Items from a dataset
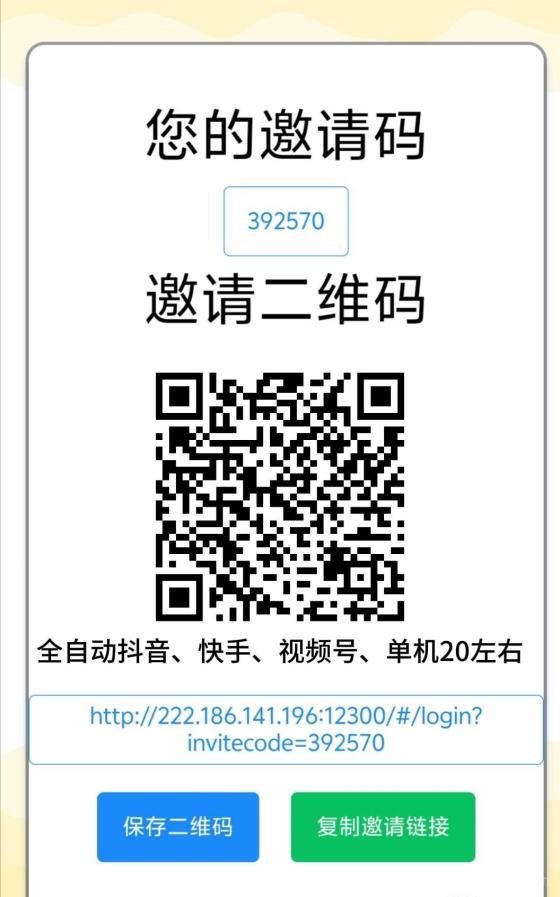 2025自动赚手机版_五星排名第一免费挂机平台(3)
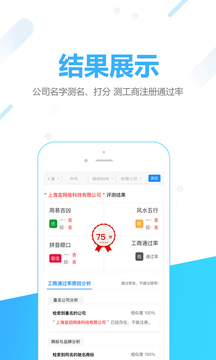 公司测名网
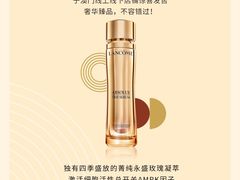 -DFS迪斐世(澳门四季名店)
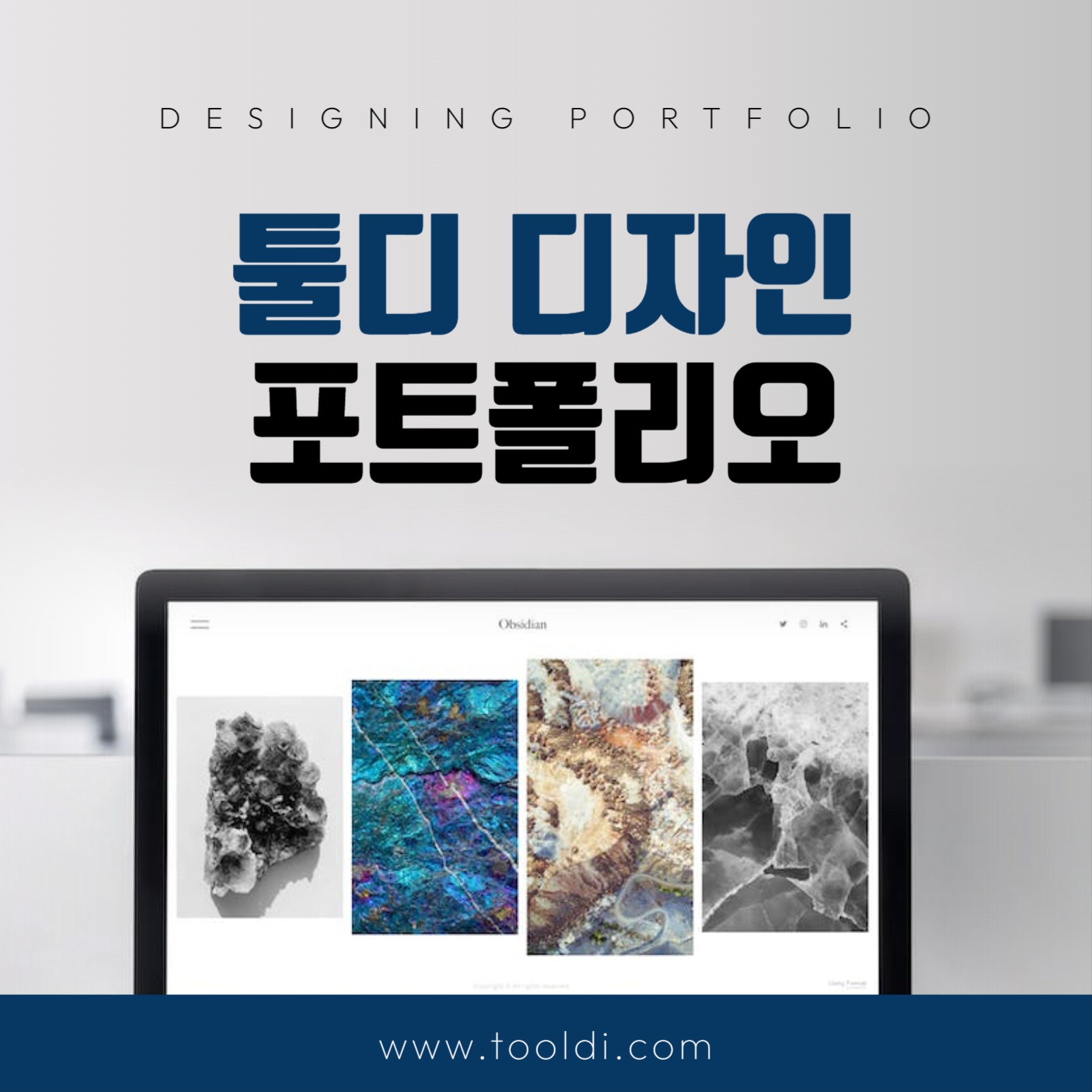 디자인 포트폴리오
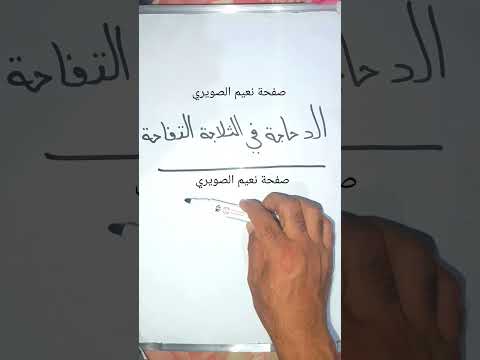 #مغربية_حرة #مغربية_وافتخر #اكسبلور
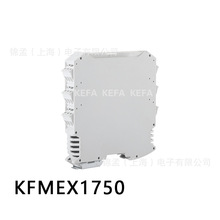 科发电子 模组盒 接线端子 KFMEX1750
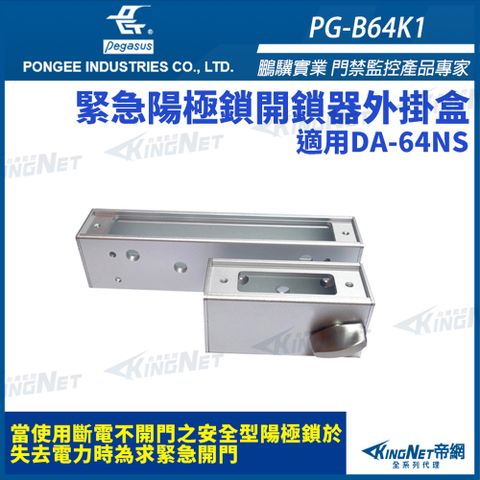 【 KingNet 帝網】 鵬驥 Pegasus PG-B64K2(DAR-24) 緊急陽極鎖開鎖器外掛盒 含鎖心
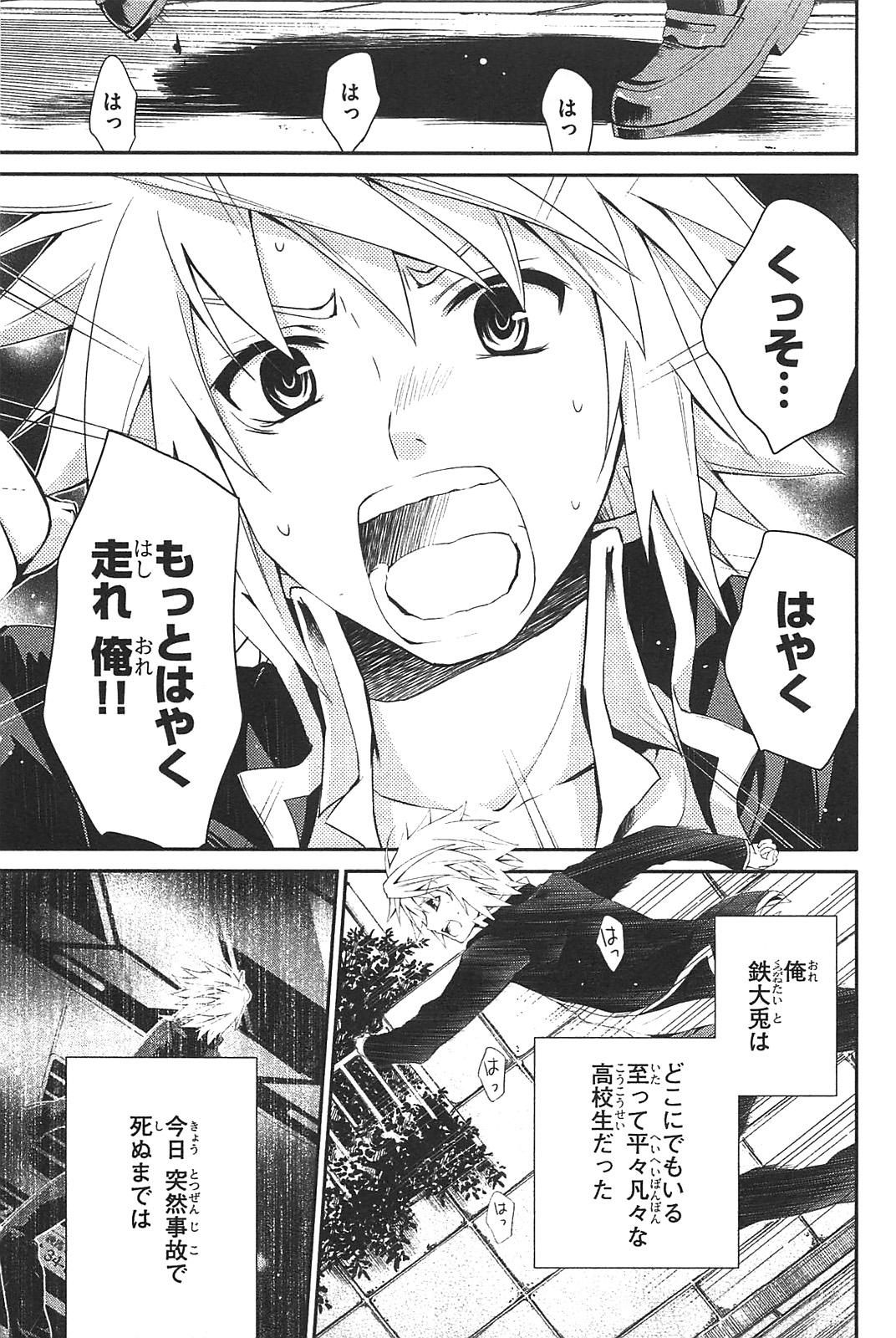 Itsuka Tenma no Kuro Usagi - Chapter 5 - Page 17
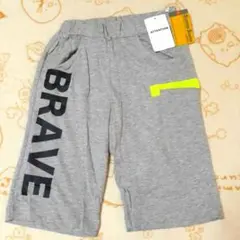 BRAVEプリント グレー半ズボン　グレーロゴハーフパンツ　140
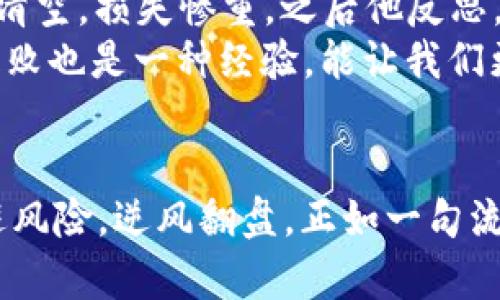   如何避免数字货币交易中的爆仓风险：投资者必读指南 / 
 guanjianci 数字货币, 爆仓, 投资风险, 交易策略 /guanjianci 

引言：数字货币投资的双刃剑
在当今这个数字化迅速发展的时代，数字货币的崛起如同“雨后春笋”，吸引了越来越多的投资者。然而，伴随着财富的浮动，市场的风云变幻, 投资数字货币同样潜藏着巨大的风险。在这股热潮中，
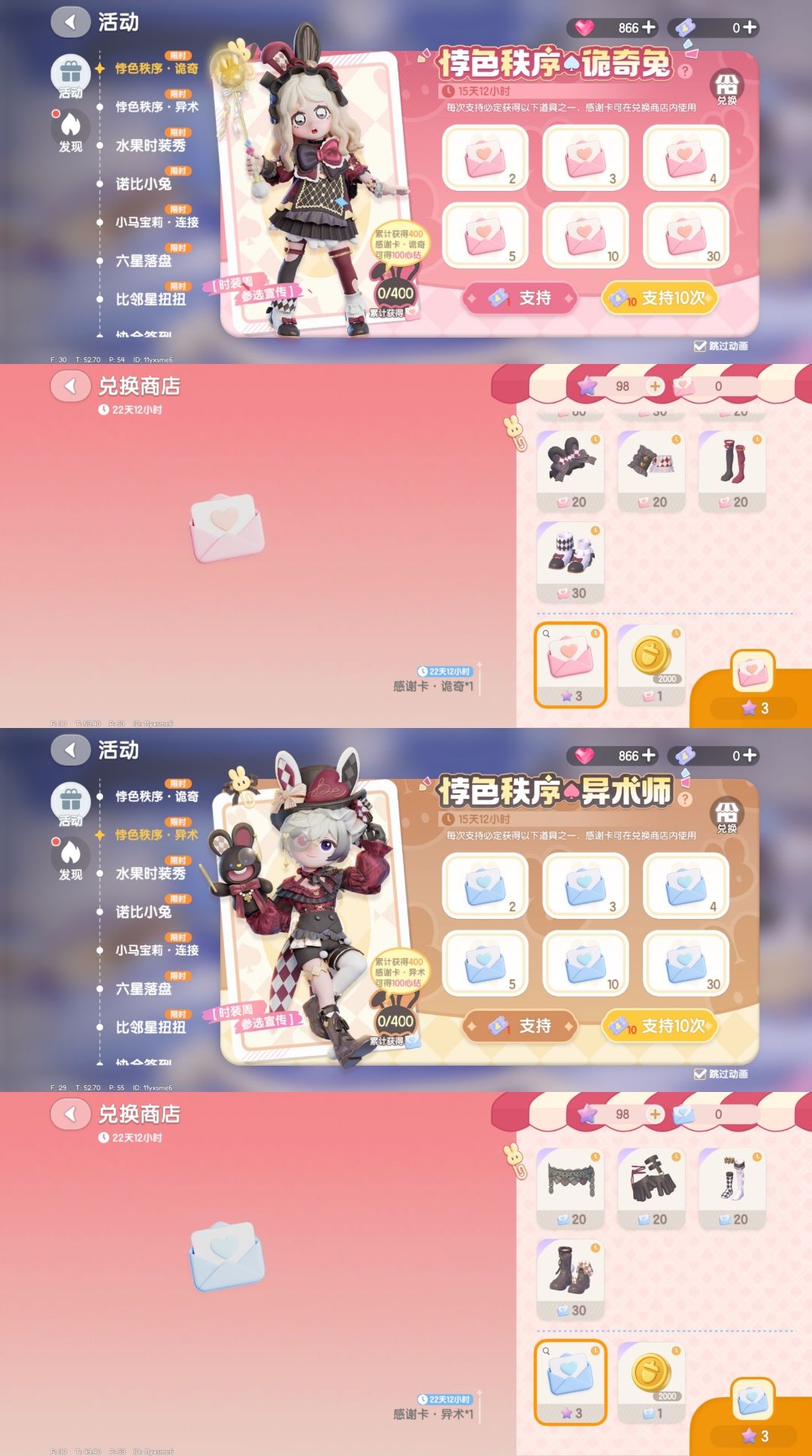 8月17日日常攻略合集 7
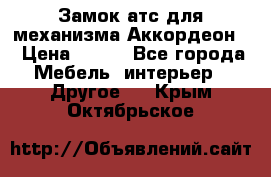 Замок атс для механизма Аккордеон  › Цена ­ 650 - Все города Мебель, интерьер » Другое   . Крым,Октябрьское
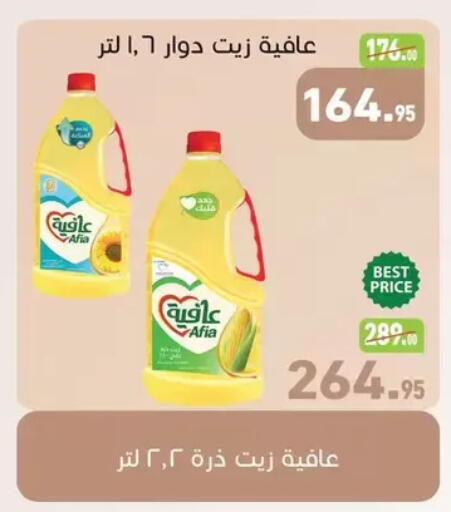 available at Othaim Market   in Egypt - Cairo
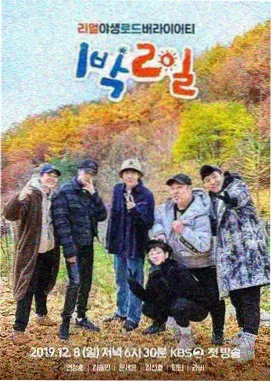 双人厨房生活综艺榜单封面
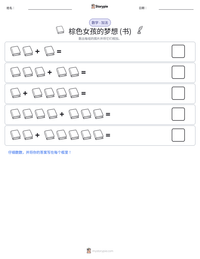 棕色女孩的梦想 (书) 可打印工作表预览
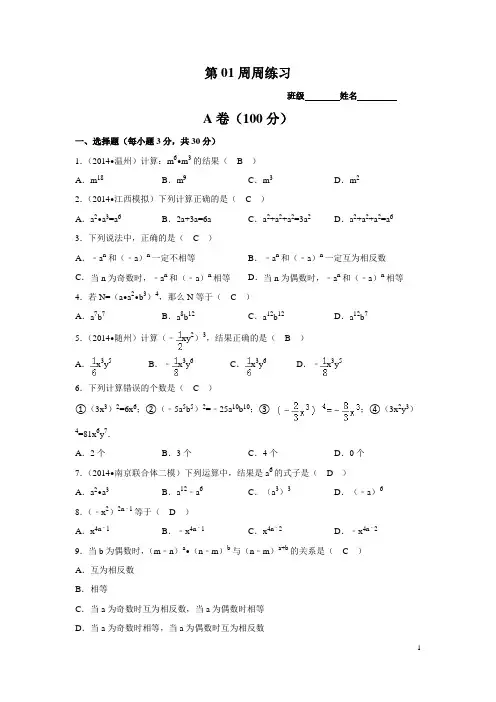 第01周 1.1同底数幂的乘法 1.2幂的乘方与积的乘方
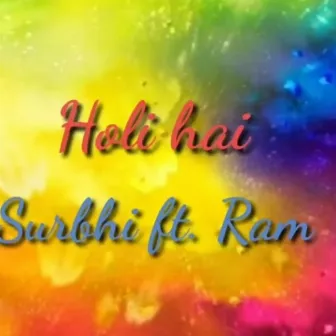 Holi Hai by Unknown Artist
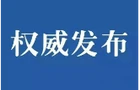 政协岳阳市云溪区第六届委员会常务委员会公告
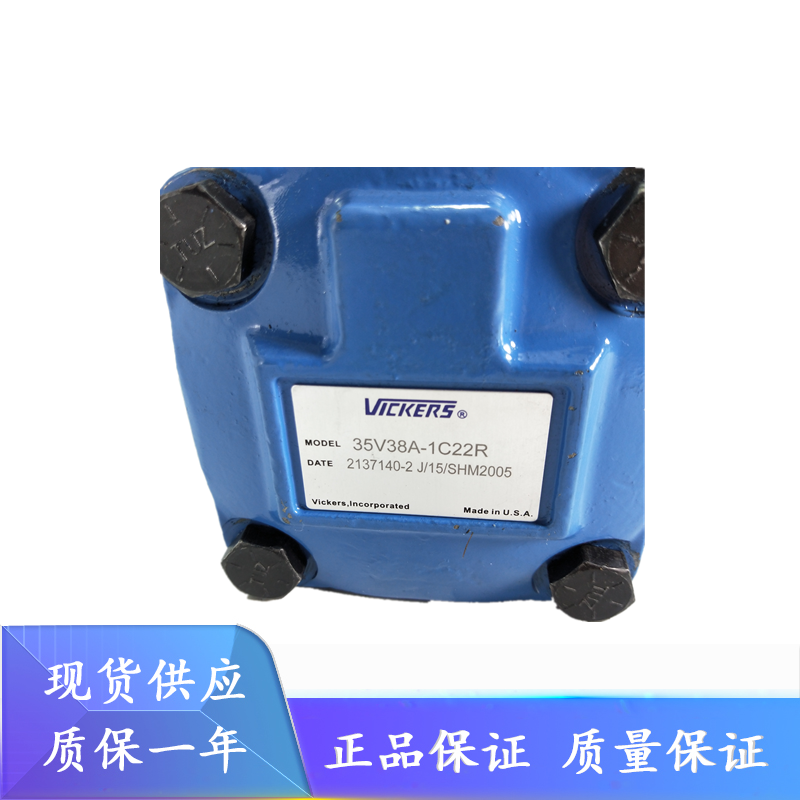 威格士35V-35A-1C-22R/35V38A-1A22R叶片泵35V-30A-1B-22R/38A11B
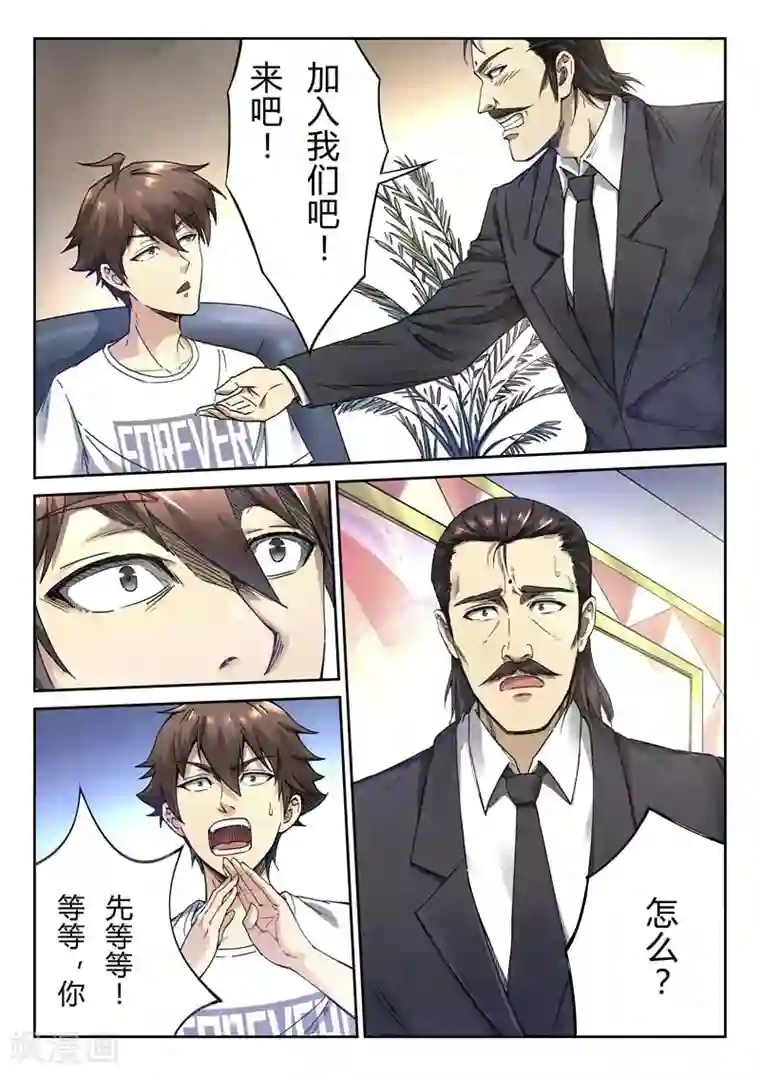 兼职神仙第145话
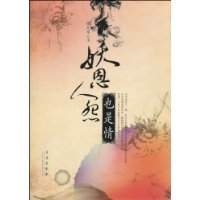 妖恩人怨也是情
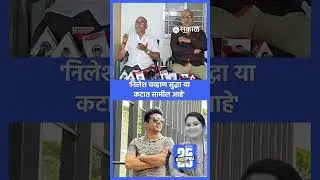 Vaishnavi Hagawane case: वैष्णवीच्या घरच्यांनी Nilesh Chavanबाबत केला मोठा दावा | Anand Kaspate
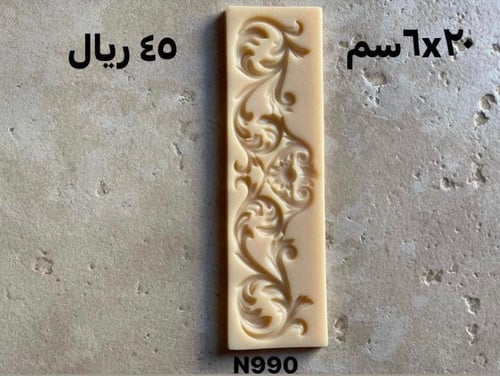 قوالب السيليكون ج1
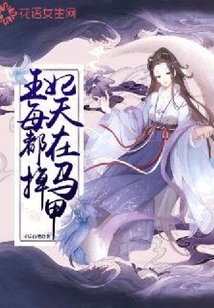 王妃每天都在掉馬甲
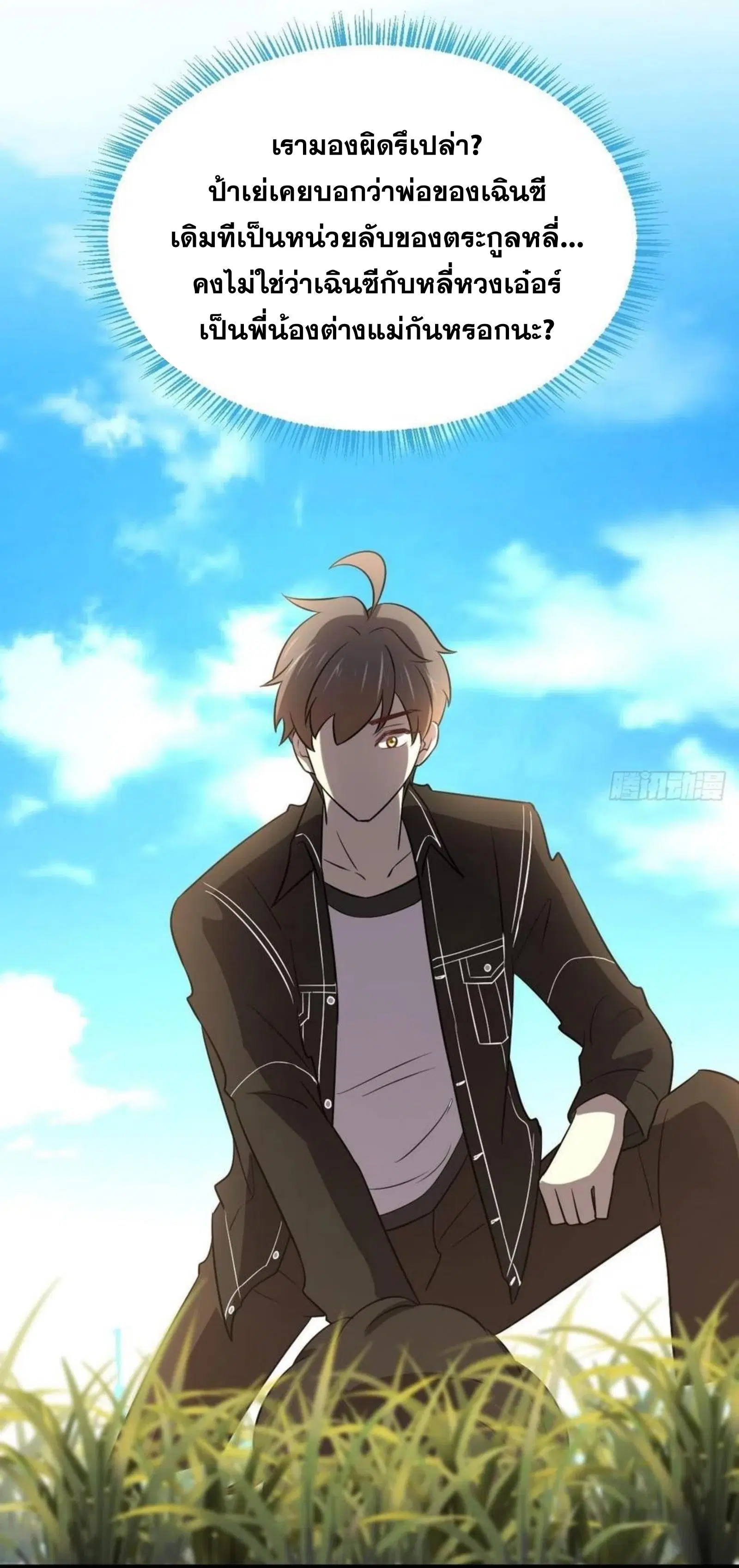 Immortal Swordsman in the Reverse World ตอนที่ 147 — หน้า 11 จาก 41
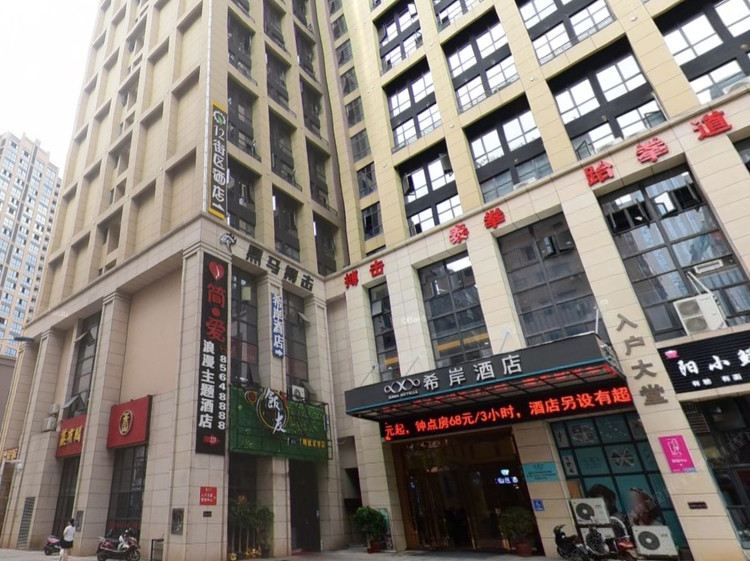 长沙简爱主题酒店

• Activity
A word-for-word copy is needed of the lines from the line with "-DFS迪斐世(澳门四季名店)" through the last line of the entries above, with both ends kept and the pictures dropped.

• Problem solution
 -DFS迪斐世(澳门四季名店)
 디자인 포트폴리오
 #مغربية_حرة #مغربية_وافتخر #اكسبلور
 科发电子 模组盒 接线端子 KFMEX1750
 【 KingNet 帝網】 鵬驥 Pegasus PG-B64K2(DAR-24) 緊急陽極鎖開鎖器外掛盒 含鎖心
 Itsuka Tenma no Kuro Usagi - Chapter 5 - Page 17
 BRAVEプリント グレー半ズボン　グレーロゴハーフパンツ　140
   如何避免数字货币交易中的爆仓风险：投资者必读指南 / 
 guanjianci 数字货币, 爆仓, 投资风险, 交易策略 /guanjianci 

引言：数字货币投资的双刃剑
在当今这个数字化迅速发展的时代，数字货币的崛起如同“雨后春笋”，吸引了越来越多的投资者。然而，伴随着财富的浮动，市场的风云变幻, 投资数字货币同样潜藏着巨大的风险。在这股热潮中，
 8月17日日常攻略合集 7
 Замок атс для механизма Аккордеон  › Цена ­ 650 - Все города Мебель, интерьер » Другое   . Крым,Октябрьское
 available at Othaim Market   in Egypt - Cairo
 双人厨房生活综艺榜单封面
 棕色女孩的梦想 (书) 可打印工作表预览
 第01周 1.1同底数幂的乘法 1.2幂的乘方与积的乘方
 Holi Hai by Unknown Artist
 政协岳阳市云溪区第六届委员会常务委员会公告
 威格士35V-35A-1C-22R/35V38A-1A22R叶片泵35V-30A-1B-22R/38A11B
 兼职神仙第145话
 妖恩人怨也是情
 Vaishnavi Hagawane case: वैष्णवीच्या घरच्यांनी Nilesh Chavanबाबत केला मोठा दावा | Anand Kaspate
 قوالب السيليكون ج1
 王妃每天都在掉馬甲
 Immortal Swordsman in the Reverse World ตอนที่ 147 — หน้า 11 จาก 41
 长沙简爱主题酒店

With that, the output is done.